Exactly how to start running

No gym fees, no fancy equipment — just you, your shoes and the open road.
Published December 5, 2015

"Running is cheap — you don't need facilities, you don't have to wait in line, it's very carefree," says Mike Hamberger, a certified strength and conditioning specialist who coaches running through his company DC Running Coach. "It makes you in tune with your body, and for a lot of runners, it’s a form of religion."


Running: it's in your DNA

Think you're not built for running? It's very much what makes us human. Scientists say that early hominids thrived in part because of their running abilities. It is believed that about 1.8 million years ago — well before humans started to use stone-tipped spears or the bow and arrow — humans were able to hunt stronger, faster mammals by exhausting them through long-distance running.
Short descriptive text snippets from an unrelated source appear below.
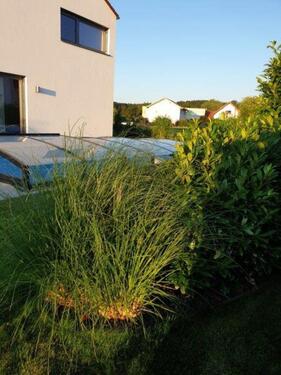 Foto - 7 Zimmer Einfamilienhaus zum Kaufen in Bockhorn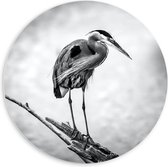WallClassics - Cercle mural en mousse PVC - Héron sur une branche Zwart / Wit - Photo 60x60 cm sur cercle mural (avec système de suspension)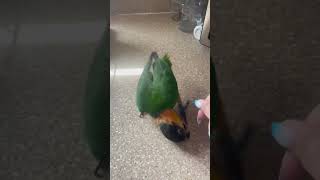 Tropical Birds with Names and Sounds in 4Kshort [upl. by Nehtanoj]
Though unlikely to beat many other mammals in a sprint, scientists say, humans today can still outrun almost every other mammal at marathon-length distances.


Perks of running

Running isn't just great exercise — it can cut down on stress, too. "After a day at the office, a good, long run is better than a glass of wine," offers Beth Onines, former executive director of Illinois Runs Training Programs, a chapter of the Road Runners Club of America.
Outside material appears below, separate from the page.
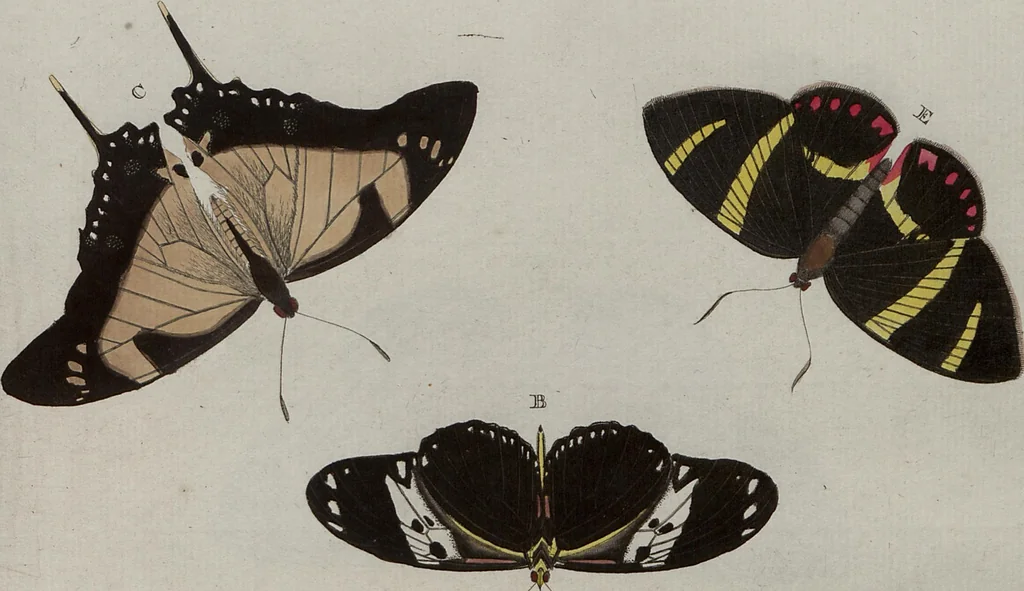 An illustration from (Band 1, Tafeln): De plaaten I - XCVI, 1779, leaf 19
As for weight loss, running can deliver impressive results — about 115 calories (for a 170-pound person) for every mile logged, on average. Because of this, running can be a good activity for those short on time. It's the second most time-efficient form of exercise, bested only by cross-country skiing.


Stay injury-free

Now for the bad news: Hit the ground running too hard, and you'll have a tough time walking to the water cooler, let alone training for your first 10K. Newcomers should realize that running is a high-impact activity that puts stress on joints and muscles. To cut down on the impact, the best place to get started is on dirt, gravel or other nonconcrete surfaces, as these will allow for softer landings.


How to Start Running

To provide proper support for your feet, invest about $80 to $120 on a pair of good running shoes, preferably from a store that specializes in running. 

If weather and location allow, try to get outside and off the treadmill. Though a treadmill is "better than nothing," Hamberger says, the stationary exercise device can't replicate the workout of being outside, where you work against wind and run on variable surfaces.

To get started and motivate yourself to run, your best bet is to register for a running event a couple of months away, preferably with a friend. A race can be a better option than having the general goal of "getting fit" or to run for a set time or mileage per day, Hamberger says. "If you buy running shoes and sign up for a 5K, then you're not going to let that money go to waste."

A runner's glossary

5K: A 3.1-mile race.

Marathon: A 26.2-mile race.

DNF: Did not finish in a race.

Bandit: An unregistered runner who sneaks into an organized race illegally.

Stitch: A cramp in your side.

Bib: In a race, the paper or Tyvek sheet with your unique number printed on it.

Chicked: When a male runner is passed by a female runner, he just “got chicked.”

Splits: The times in a race or run measured at set distances.

Negative split: Completing the second half of a race faster than the first.

Fartlek: Swedish for "speed play," any run that incorporates improvised bursts of speed.

Bonking: Also called "hitting the wall," it's when muscle glycogen stores become depleted and the muscles stop responding.

Sandbagger: A runner who holds back so other runners won’t consider him a threat, but charges ahead late.